Data section:
******************************

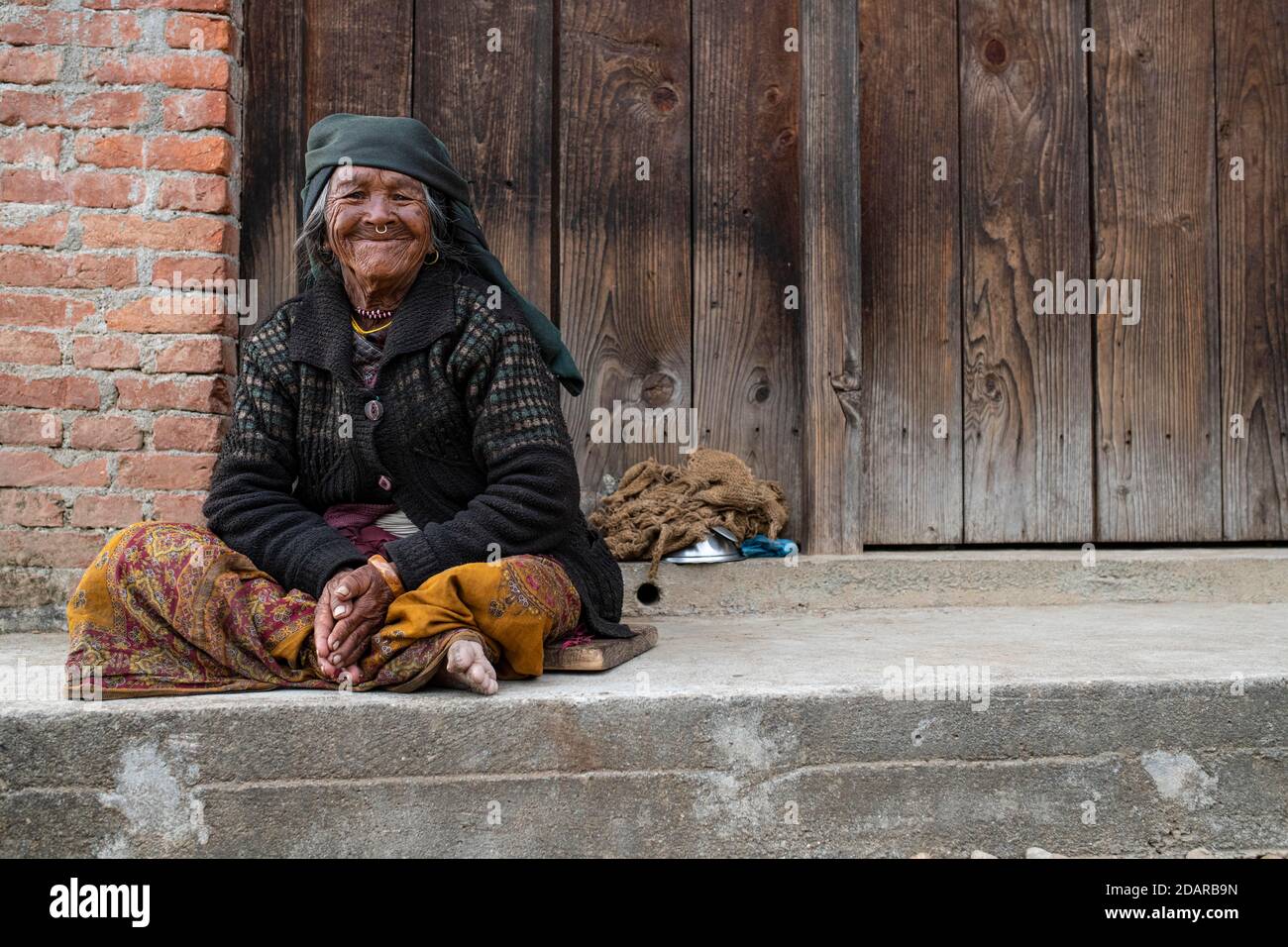 Friendly smiling elderly woman with headscarf and nose ring sitting in front of a wooden door, Himalaya, Jiri, Khumbu region, Nepal Stock Photo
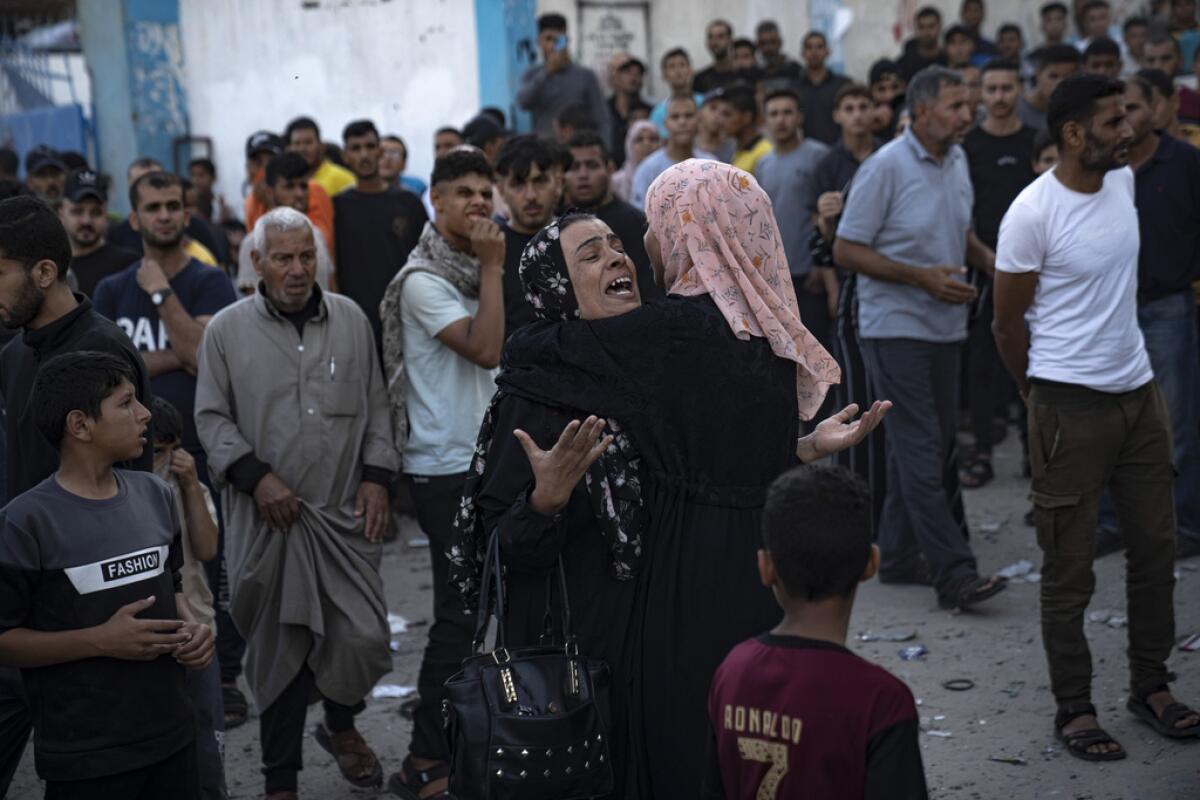 Mujeres llorando mientras se saca a víctimas de entre los escombros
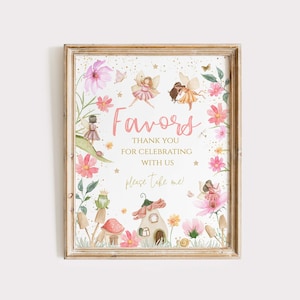 May include: A printable sign with a pink and gold fairy theme. The sign says "Favors" in pink script with gold glitter. The text below says "Thank you for celebrating with us. Please take one!" The sign is surrounded by watercolor illustrations of fairies, flowers, mushrooms, and a small house.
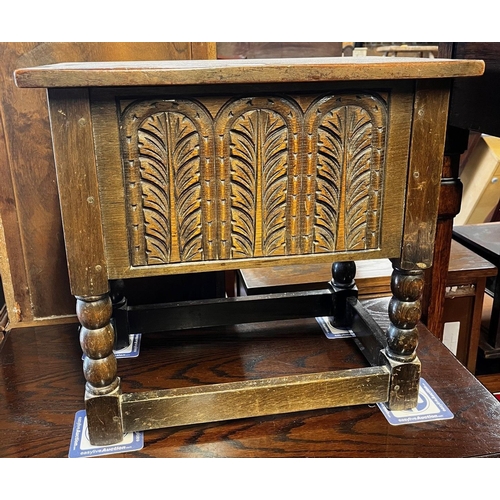 337 - A 17th century style carved oak box raised on bobbin turned supports untied by stretchers, 51 cm x 3...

******************************

Assignment: Each line from the one holding "Mujeres llorando mientras" through the end of the listing is to be output exactly, both ends included, with no other lines and the pictures left out.

Exercise result:
 Mujeres llorando mientras se saca a víctimas de entre los escombros
 May include: A printable sign with a pink and gold fairy theme. The sign says "Favors" in pink script with gold glitter. The text below says "Thank you for celebrating with us. Please take one!" The sign is surrounded by watercolor illustrations of fairies, flowers, mushrooms, and a small house.
 337 - A 17th century style carved oak box raised on bobbin turned supports untied by stretchers, 51 cm x 3...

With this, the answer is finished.